Photo of a study participant
A study participant judges white light color differences between two compartments in the display cabinet designed for the experiment.

The color of white light can vary greatly, from a warm yellow-white to a cool blue-white. Most phosphor-based, high-power white LEDs on the market today show significant color variations from one white LED to another. In side-by-side applications, such as wall washers or in an LED array, this color variation may be noticeable and unpleasing. As white LEDs make their way into the general illumination market, color consistency becomes critical for acceptance.
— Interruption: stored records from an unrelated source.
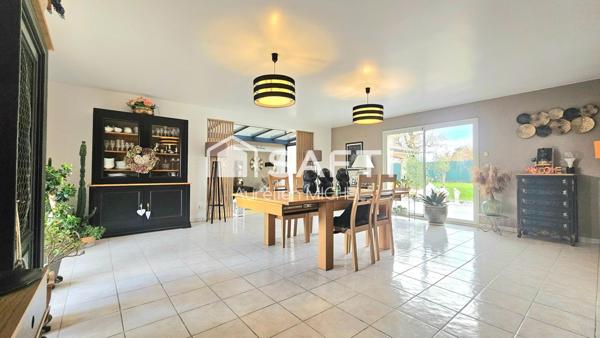 Grande maison familiale 236 m² avec piscine – Calme absolu – À 30 km de Lyon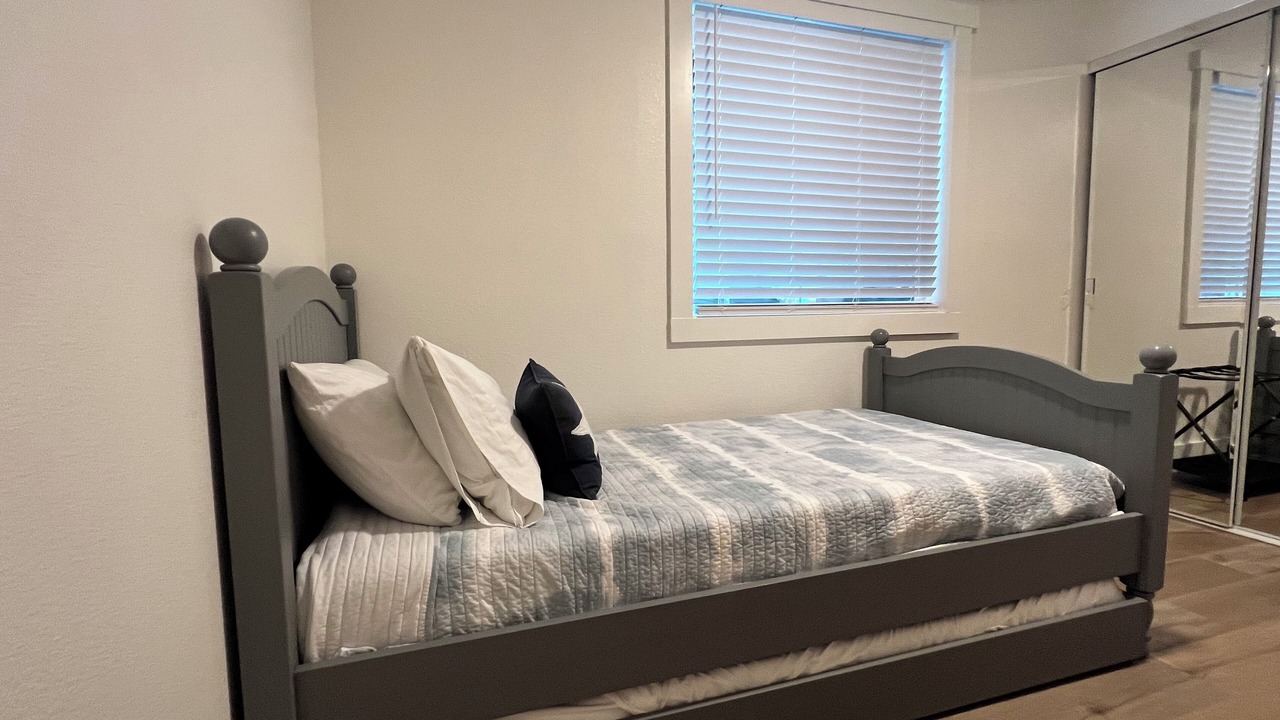 Photo of Bedroom in Avalon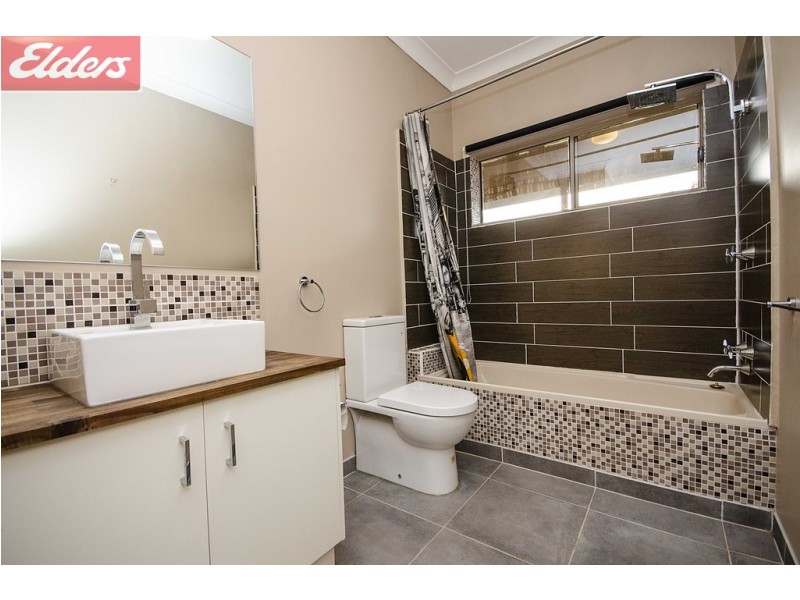 10 Craig Drive, Bellbridge VIC 3691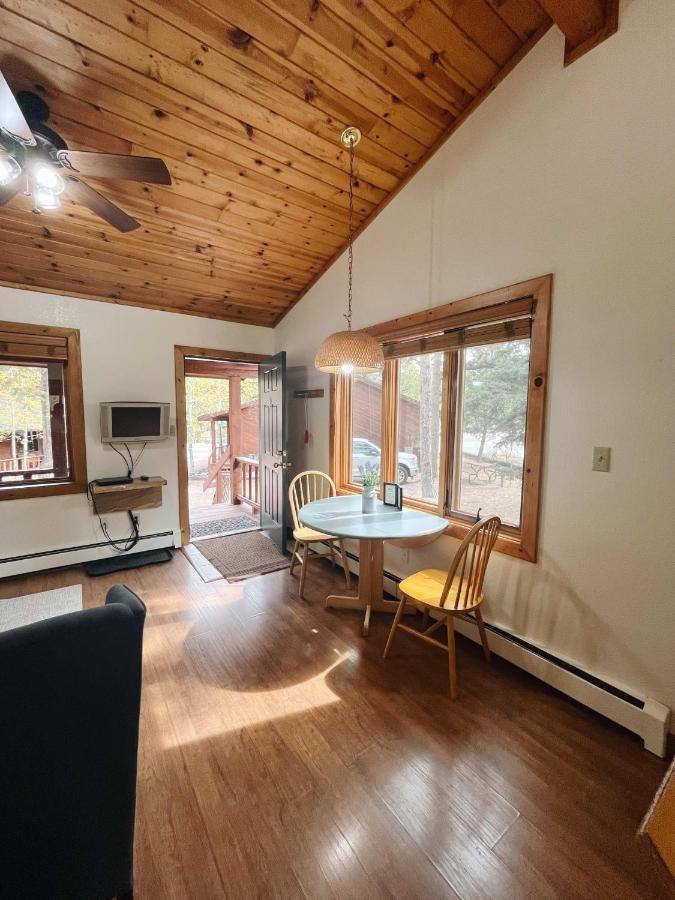 Cozy Cabin Suite Bed And Breakfast Woodland Park Exteriér fotografie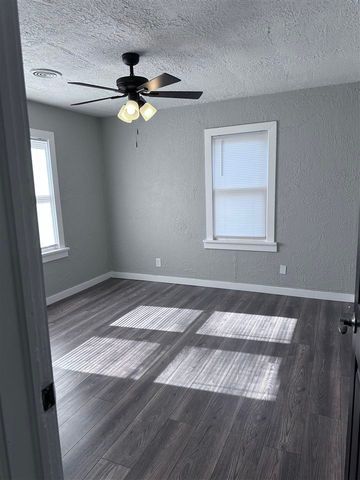 1710 NW KINYON AVE, Lawton, OK 73507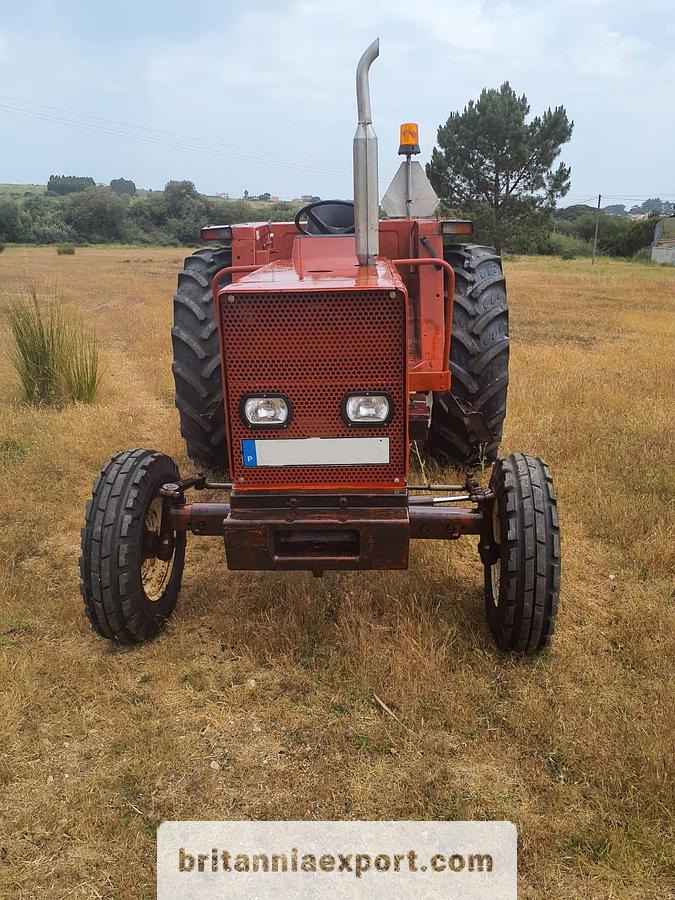 FIAT 780 | 4 cylinder | Oil brakes | Power steering - Trattore: foto 2 FIAT 780 | 4 cylinder | Oil brakes | Power steering - Trattore: foto 2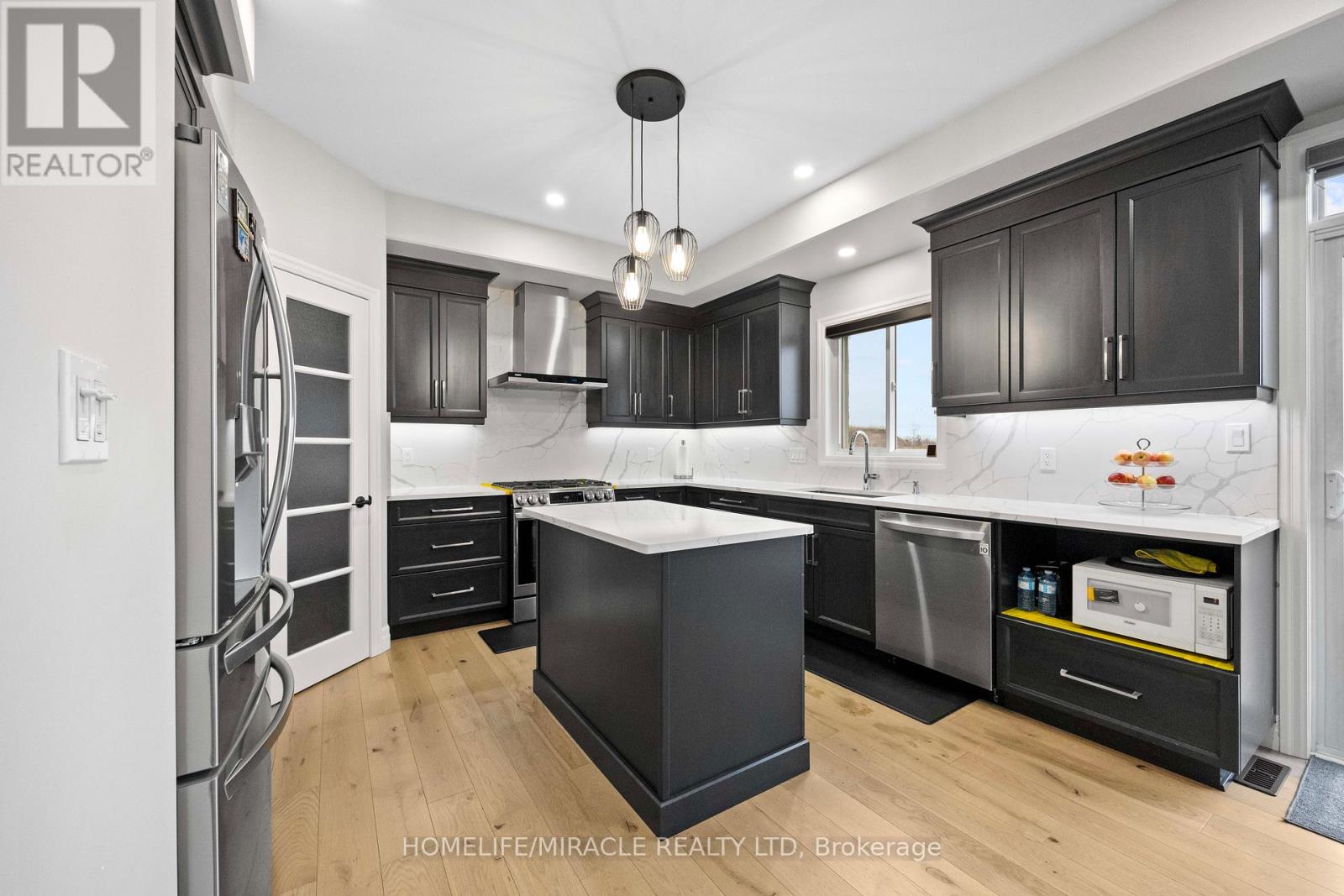 61 RAYCROFT DRIVE - 18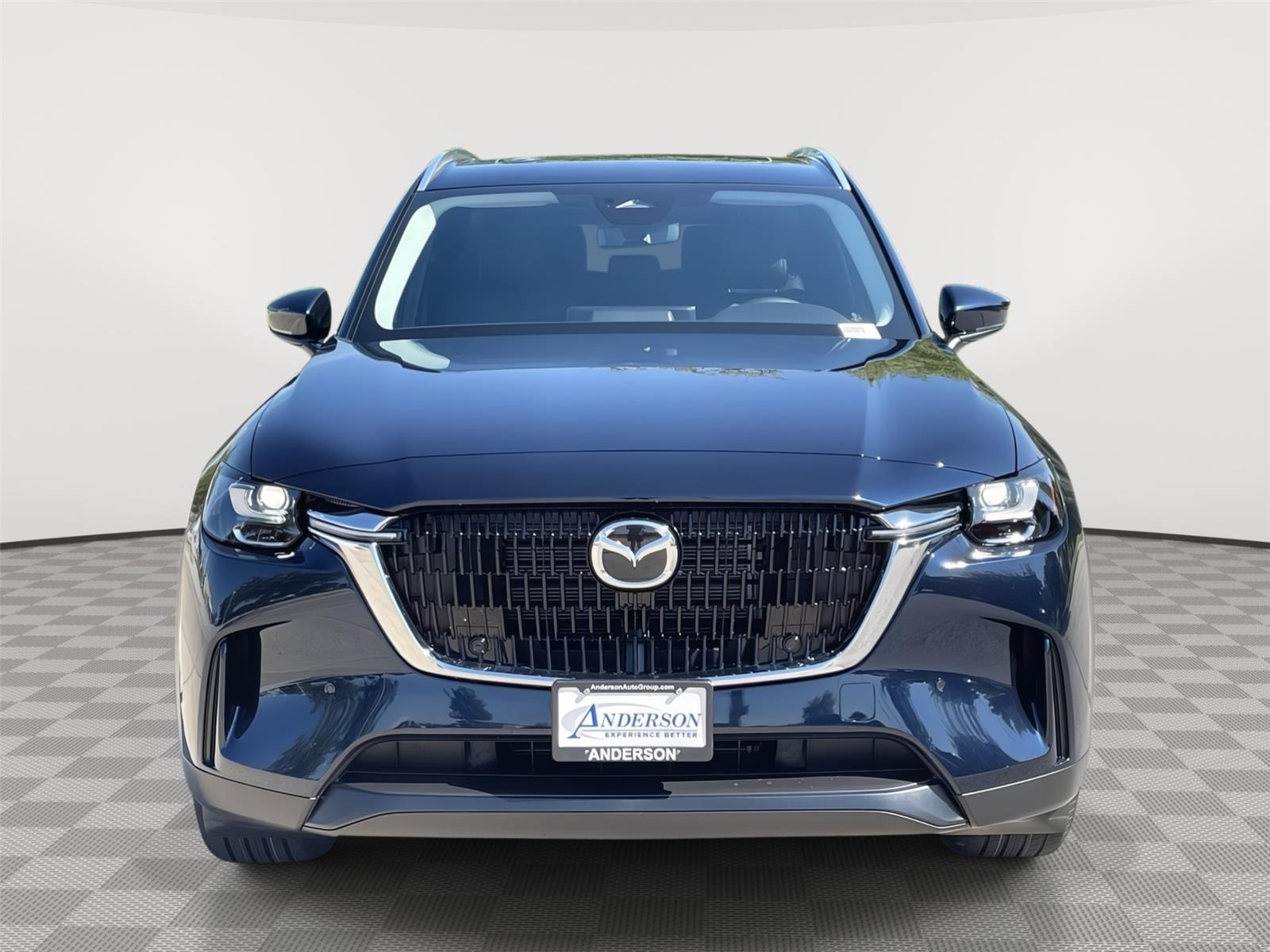 Vehicle photo 4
Rather than changing LED manufacturing processes, color binning (i.e., sorting by color appearance) is a more cost-effective option for creating white LED arrays with consistent color. But then the question becomes: How much color variation can there be between similar white LEDs? The American National Standards Institute (ANSI) specifies a 4-step MacAdam ellipse—a region plotted on a color space diagram showing where colors are perceived to be the same—as the color-tolerance criterion for certain types of fluorescent lamps. Though color tolerance is well-known for light sources such as fluorescent, researchers have not investigated color tolerance for LEDs.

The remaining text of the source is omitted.